A l’aune des résultats internes, leur démarche est logique. La dernière fois, avec 35% des voix, Emmanuelli avait tout juste eu le droit de garder le fauteuil de premier secrétaire au chaud pour Lionel Jospin en attendant que celui-ci se décide à l’occuper. Mais à l’aune de la gauche c’est une autre affaire. On ne la rassemblera pas à coups de sifflet ou en encourageant et moquant alternativement les ambitions gouvernementales. Ou alors autant dire que l’on fait deux campagnes en même temps : celle de Royal et celle de Besancenot. Et que l’on parie sur l’éclatement de la gauche en deux forces irréconciliables.

Un tel choix est lourd de dangers car la sensibilité que représente Ségolène Royal, même renforcée par les électeurs convaincus par l’argument du vote utile, n’est pas majoritaire dans le pays. Reste ensuite l’espoir que Bayrou fera le reste ? Non seulement ce choix n’a plus grand-chose à voir avec la gauche que nous voulons, mais il risque de faire perdre des voix à gauche sans gagner celles du « centre » dont l’histoire a montré qu’elles reviennent toujours à droite.

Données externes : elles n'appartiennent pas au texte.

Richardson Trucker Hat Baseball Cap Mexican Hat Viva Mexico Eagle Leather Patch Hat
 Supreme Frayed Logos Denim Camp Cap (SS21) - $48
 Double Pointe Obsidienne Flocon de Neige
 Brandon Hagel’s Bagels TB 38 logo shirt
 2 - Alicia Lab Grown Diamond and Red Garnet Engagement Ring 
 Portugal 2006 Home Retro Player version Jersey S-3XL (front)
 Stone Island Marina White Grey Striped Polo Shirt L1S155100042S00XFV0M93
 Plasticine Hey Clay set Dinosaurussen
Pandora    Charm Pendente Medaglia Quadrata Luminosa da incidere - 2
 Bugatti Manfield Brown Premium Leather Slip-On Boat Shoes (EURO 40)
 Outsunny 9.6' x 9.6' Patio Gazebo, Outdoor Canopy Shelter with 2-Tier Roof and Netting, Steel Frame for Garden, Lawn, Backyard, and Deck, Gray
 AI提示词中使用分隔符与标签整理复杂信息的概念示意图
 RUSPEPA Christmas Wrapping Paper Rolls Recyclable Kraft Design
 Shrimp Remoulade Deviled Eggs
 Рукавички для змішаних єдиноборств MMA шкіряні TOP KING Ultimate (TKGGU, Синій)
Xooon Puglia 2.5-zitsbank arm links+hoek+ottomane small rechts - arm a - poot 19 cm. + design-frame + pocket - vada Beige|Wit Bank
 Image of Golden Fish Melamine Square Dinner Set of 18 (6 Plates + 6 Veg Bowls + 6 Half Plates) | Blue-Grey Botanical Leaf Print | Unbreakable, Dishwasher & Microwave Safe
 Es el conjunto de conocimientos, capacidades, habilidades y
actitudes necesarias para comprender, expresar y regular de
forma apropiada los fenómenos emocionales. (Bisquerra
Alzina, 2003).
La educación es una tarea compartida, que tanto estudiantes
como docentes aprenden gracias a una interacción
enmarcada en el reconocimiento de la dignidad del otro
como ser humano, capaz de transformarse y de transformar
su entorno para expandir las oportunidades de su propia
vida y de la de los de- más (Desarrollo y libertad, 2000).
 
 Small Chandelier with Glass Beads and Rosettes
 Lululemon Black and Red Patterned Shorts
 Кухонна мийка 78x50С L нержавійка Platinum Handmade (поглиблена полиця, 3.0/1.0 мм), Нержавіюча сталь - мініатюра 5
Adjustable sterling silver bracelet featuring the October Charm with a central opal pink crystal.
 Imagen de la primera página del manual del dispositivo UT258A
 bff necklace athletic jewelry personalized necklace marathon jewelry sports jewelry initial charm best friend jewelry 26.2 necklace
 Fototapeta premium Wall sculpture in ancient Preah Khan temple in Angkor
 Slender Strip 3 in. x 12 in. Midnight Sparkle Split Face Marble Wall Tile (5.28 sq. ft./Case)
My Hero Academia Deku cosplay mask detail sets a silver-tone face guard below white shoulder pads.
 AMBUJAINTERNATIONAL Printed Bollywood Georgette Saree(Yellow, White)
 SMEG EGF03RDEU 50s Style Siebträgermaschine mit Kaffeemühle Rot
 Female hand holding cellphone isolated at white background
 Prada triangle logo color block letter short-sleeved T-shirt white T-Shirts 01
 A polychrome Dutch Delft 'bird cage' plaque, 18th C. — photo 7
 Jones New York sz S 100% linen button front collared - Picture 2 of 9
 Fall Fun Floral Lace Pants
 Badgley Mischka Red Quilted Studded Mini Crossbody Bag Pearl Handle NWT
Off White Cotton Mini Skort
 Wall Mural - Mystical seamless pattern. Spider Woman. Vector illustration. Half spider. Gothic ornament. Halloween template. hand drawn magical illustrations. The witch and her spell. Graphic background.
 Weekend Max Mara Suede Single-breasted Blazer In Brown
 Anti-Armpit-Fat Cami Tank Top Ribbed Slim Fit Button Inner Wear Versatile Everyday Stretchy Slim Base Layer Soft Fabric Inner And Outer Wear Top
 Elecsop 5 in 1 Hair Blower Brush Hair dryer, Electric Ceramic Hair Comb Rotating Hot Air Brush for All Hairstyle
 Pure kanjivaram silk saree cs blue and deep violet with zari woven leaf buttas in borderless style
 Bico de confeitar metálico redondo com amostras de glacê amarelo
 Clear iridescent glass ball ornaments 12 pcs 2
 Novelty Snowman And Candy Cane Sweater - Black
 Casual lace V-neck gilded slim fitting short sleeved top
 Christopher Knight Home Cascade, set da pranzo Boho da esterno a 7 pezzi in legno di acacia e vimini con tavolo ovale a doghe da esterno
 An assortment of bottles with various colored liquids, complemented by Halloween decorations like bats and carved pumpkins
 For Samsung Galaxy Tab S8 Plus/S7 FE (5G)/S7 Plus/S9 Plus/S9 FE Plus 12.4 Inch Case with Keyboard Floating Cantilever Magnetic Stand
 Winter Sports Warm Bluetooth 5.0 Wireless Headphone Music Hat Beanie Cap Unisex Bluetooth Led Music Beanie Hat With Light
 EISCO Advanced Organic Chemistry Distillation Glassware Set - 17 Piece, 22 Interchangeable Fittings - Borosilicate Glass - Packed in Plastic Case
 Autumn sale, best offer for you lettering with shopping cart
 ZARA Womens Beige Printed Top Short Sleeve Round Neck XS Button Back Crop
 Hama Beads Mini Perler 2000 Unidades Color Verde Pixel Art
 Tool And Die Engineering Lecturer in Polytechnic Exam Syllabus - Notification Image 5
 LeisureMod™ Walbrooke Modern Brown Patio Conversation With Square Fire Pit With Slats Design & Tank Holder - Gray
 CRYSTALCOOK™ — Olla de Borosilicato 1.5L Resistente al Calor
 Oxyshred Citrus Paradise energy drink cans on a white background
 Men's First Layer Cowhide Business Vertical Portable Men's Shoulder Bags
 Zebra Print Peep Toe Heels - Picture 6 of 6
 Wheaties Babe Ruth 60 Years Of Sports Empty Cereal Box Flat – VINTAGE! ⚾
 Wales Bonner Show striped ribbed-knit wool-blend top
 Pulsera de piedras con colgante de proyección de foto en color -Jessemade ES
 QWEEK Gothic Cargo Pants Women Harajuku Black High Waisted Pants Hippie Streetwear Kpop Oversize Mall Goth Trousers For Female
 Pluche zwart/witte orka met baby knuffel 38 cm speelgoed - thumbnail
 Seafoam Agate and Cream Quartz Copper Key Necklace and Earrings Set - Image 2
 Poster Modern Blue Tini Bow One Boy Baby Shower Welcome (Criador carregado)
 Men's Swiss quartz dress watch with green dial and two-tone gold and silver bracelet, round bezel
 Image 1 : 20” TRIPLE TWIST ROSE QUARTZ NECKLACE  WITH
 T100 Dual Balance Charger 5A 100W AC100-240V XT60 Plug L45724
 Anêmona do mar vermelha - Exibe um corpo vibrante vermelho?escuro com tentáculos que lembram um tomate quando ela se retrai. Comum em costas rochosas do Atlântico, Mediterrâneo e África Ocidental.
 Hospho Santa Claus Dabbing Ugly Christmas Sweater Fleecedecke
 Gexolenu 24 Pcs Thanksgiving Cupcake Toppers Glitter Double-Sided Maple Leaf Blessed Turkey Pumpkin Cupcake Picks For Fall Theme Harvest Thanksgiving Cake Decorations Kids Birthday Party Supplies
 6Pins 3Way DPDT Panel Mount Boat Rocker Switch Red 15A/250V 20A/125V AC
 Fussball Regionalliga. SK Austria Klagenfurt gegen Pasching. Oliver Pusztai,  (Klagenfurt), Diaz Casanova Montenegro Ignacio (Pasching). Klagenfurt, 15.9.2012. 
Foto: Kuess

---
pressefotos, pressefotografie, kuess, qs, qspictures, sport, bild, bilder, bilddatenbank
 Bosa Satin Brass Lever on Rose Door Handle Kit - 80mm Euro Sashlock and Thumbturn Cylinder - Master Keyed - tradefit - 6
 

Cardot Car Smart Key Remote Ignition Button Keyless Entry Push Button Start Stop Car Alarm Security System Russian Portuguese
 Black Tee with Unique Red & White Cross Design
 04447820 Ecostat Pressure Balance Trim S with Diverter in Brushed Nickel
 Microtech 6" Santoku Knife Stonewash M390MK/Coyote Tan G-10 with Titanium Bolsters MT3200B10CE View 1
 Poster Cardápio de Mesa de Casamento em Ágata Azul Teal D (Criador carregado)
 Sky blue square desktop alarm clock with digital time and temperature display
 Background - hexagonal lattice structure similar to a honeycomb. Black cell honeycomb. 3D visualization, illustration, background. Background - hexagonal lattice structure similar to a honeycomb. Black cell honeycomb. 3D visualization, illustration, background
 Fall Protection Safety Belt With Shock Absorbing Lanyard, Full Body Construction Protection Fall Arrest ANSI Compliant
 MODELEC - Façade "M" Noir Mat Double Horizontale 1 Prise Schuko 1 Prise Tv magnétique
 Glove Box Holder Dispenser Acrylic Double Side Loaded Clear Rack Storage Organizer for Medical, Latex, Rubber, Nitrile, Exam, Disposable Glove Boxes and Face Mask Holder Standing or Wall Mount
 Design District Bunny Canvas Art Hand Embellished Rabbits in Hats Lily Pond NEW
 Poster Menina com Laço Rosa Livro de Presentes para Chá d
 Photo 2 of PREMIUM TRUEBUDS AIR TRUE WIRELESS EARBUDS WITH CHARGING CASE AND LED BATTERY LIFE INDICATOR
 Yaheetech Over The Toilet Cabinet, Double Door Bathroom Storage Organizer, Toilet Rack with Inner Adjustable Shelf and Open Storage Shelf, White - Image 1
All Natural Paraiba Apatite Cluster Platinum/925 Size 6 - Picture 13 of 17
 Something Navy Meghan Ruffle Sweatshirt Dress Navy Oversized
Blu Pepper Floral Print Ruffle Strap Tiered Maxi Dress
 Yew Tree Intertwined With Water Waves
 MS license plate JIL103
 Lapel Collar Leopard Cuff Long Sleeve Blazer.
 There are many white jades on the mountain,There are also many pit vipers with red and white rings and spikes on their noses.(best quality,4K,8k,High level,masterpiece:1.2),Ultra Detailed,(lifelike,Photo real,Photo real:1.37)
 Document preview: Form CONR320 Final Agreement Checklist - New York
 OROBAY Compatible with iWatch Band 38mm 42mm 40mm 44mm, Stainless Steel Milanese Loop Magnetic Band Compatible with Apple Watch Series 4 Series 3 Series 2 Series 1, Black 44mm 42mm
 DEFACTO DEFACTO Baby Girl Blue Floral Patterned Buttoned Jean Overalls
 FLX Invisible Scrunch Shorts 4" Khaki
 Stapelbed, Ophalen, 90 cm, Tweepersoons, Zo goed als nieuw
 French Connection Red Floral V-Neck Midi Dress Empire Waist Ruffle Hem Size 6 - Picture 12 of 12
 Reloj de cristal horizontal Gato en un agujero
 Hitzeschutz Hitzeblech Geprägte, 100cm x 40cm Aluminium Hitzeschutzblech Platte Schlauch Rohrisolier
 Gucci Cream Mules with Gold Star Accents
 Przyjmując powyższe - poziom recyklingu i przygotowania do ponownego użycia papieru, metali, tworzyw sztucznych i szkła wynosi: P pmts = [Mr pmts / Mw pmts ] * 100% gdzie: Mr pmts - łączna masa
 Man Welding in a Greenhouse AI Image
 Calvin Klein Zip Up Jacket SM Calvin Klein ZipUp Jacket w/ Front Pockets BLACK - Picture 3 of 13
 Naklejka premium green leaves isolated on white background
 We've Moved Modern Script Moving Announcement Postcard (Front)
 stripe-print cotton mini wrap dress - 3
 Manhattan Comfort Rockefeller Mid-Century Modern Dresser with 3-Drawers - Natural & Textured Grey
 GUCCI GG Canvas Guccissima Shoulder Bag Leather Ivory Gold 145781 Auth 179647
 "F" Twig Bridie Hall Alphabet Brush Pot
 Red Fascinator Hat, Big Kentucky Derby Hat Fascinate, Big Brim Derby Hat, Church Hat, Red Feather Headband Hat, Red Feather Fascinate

C’est pourquoi il faut souhaiter la réussite des collectifs unitaires de la gauche antilibérale. S’ils échouent à désigner un candidat commun, la gauche sera émiettée et déséquilibrée. Au final, c’est le scénario du 21 avril 2002 qui recommence. Or quand le désastre est consommé, il est trop tard pour recoller les morceaux.

C’est ce que Jean-Luc Mélenchon a dit aux 4000 personnes rassemblées à Montpellier à l’initiative du collectif unitaire départemental : ne creusez pas le fossé, ne faites rien qui interdise le rassemblement de la gauche sans exclusives pour battre la droite en 2007. Mais aussi : vous avez le devoir de réussir à vous mettre d’accord pour empêcher l’éclatement de la gauche des ruptures. Sinon ce sera la surenchère et la déroute.

C’est la ligne de l’union dans l’union que nous développons depuis plusieurs mois. C’est en disant cela que nous sommes utiles. Car pour la gauche, c’est la clef de la victoire.